I see communication as one of the building blocks for successfully managing the hiring manager side.
On the candidate/sourcing side, the ability to build relationships with potential candidates and knowing the details of the position in question are key. I always recommend focusing on a match. The right candidate has to fit with the right opportunity.
The worst case scenario for a recruiter is for the candidate to have false expectations and end up unhappy three months into the job. This means talking with a lot of potentials until a viable match is found. There have been a number of occurrences where we hire someone we’ve been speaking to for three years or more.
A truly great recruiter will know the intimate details of the position and culture. This will allow not only for deciding who has the skill set to be successful in the role but also for clear communication of a realistic job preview.

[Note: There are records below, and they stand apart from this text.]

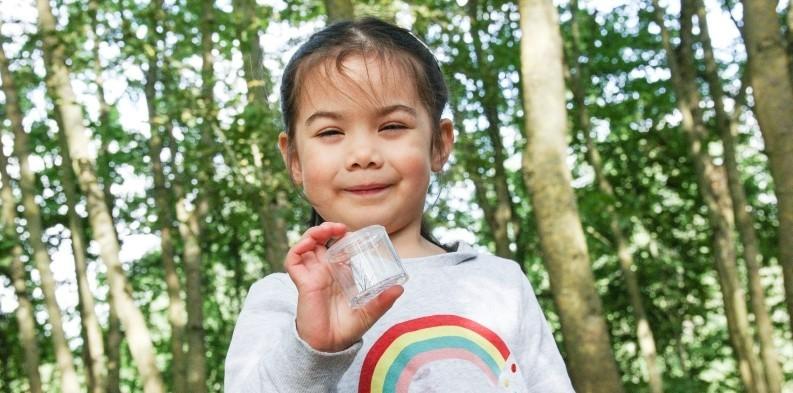 A young forester holding a plant in a plastic container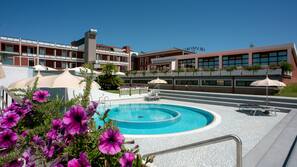 Piscine couverte, piscine extérieure, parasols de plage, chaises longues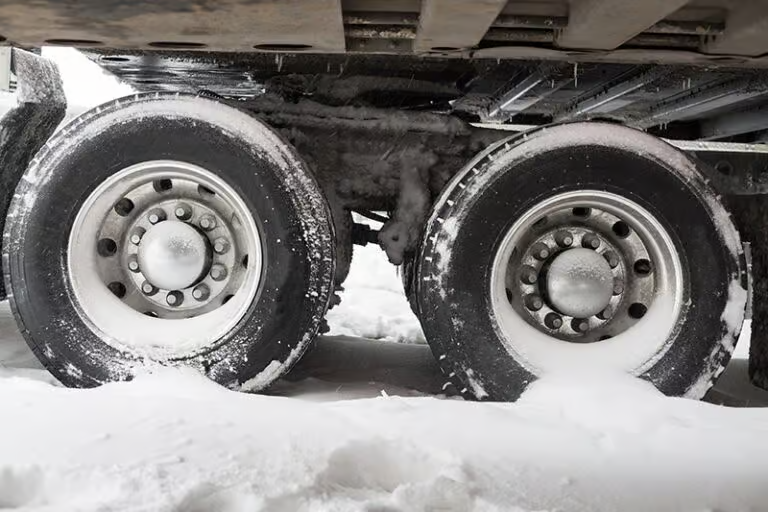 How can I avoid having a serious car crash with a large truck or semi tractor-trailer while driving in Kansas, Image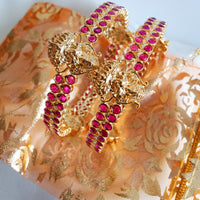 B0229_Traditional style lakshmi design golden bangles with a touch of  pink ruby stones.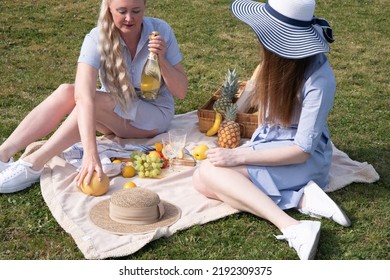 A Two Young Women In A Similar Blue Dress Is Resting On A Picnic, Chees Plate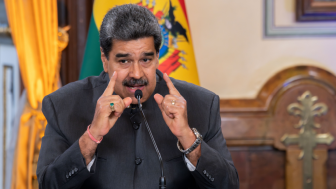 Maduro gives a speech from a desk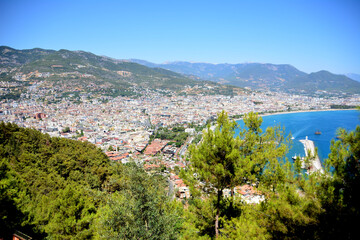 Fototapeta na wymiar alanya town with mediterranean sea and mountains, top view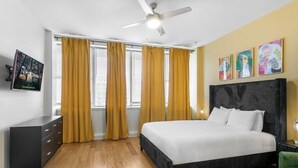 A bedroom with a bed, a ceiling fan, a TV, and a window with curtains.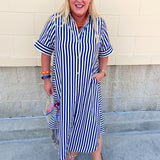 Navy and white striped maxi dress with collared neckline, full button front, cuffed sleeves, and flowing silhouette.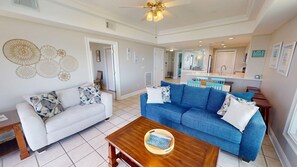 A living room with a white sofa, a blue sofa, and a wooden coffee table.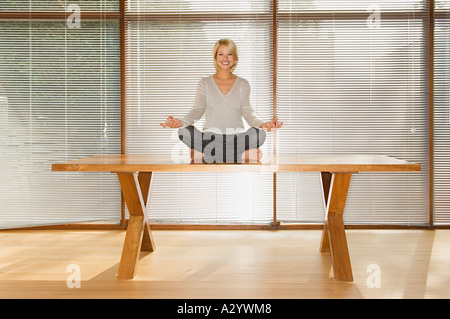 Woman sitting on table Banque D'Images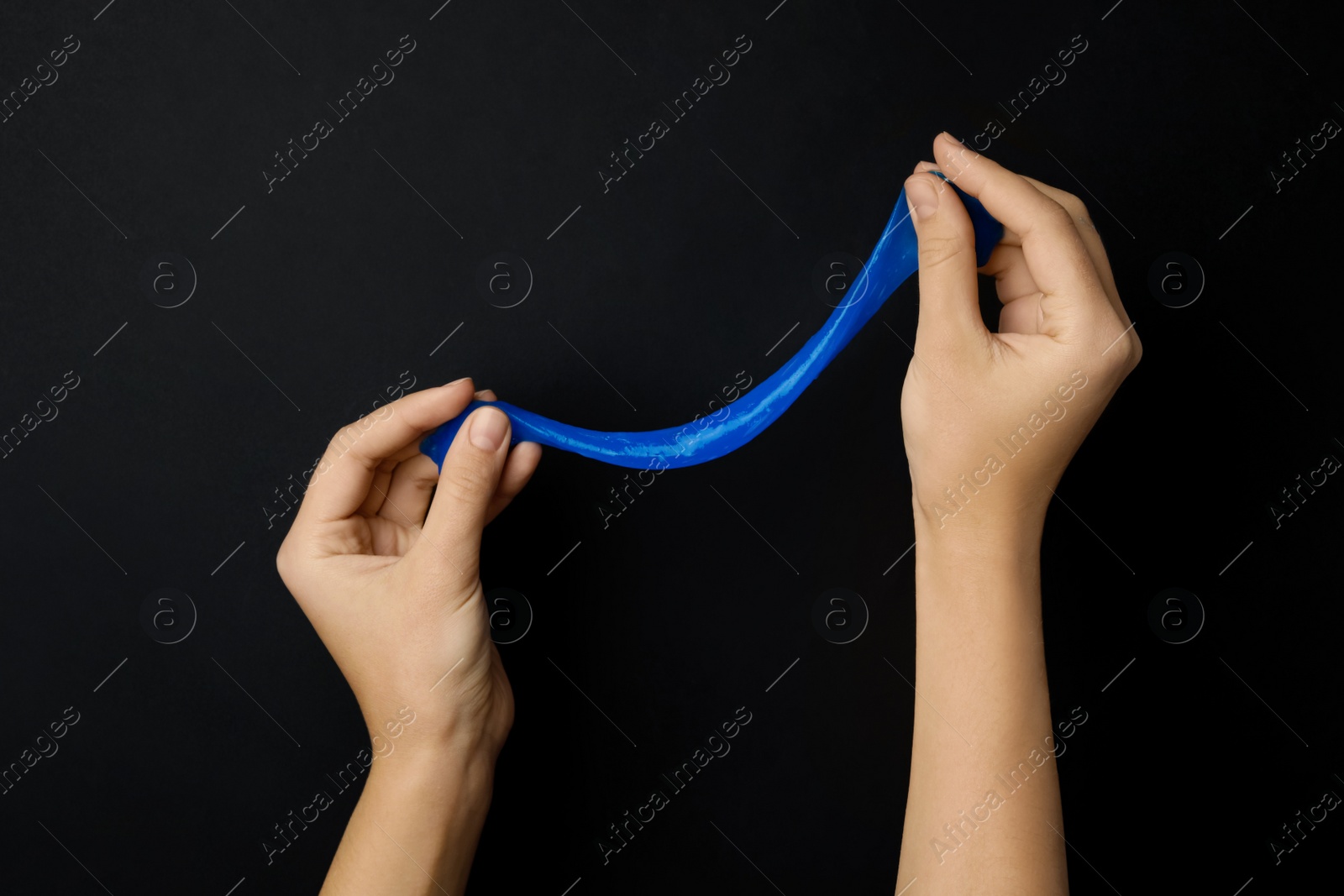 Photo of Woman playing with blue slime on black background, closeup. Antistress toy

Tam Singer, Corporate Recruiter, OHL
Top four attributes of the best recruiters
- Confidence: Recruiter listens and learns what the hiring manager needs and what they are really saying
- Drive: Recruiter fills the position in the quickest time in the most direct way
- Network: Recruiter has large network of candidates to go to in any given situation
- Trust: Their reputation is that they will get the position filled because they have consistent proven results
Lindsay Dycus, Recruiter, Shoemaker Financial
I think the main thing that puts a recruiter a cut above the rest is working knowledge of the position you are hiring for. I was fortunate enough to have gotten the licenses required to do the positions I recruit for and also work in a similar firm before I became a recruiter.
This knowledge allows me to give open and honest answers to candidates questions. Another thing that can separate the good from the great is the time you spend getting to know the candidate and being open and honest with them, not only about your firm, but opportunities available to them at other firms that might fit what they are looking for specifically better.
Rick Ross, Partner, NGP
I’ve hired many recruiters through the years and have found that there is a key characteristic that differentiates a good recruiter from a great recruiter.
It’s simple – I always want to understand the motivation to be a recruiter. There’s a few answers to this question but the one that best predicts ‘greatness’ in my experience is an answer that reflects service. “My goal is to help companies by finding the best possible candidates for their roles” or “I just enjoy the reward of someone getting a job that enhances their career”.Even better: “It’s almost community service . . . companies get great employees and my candidates get great jobs – that’s reward in itself”
Any other motivation (money, personal career advancement, or just to do something different) are key indicators that their real passion is outside of recruiting. Great recruiters are interested in the long-term job satisfaction of their candidates and not just making a placement.
Those outside of recruiting:
Linda Teske, a Senior HR Generalist/Consultant
In general, based on my experience, a good recruiter is one that returns the call and follows up with a candidate one way or another. They also know what job best fits the candidate and will not suggest a position that may not necessarily be the best fit. They are considering a ‘long term’ placement, not a ‘short term’ placement.
Jane Smith Stage, Training Professional
Truthful — tell me what I need to know & do in order to present myself in the very best light. If I’m not coming across as professional or not a good match for your client — give me specifics.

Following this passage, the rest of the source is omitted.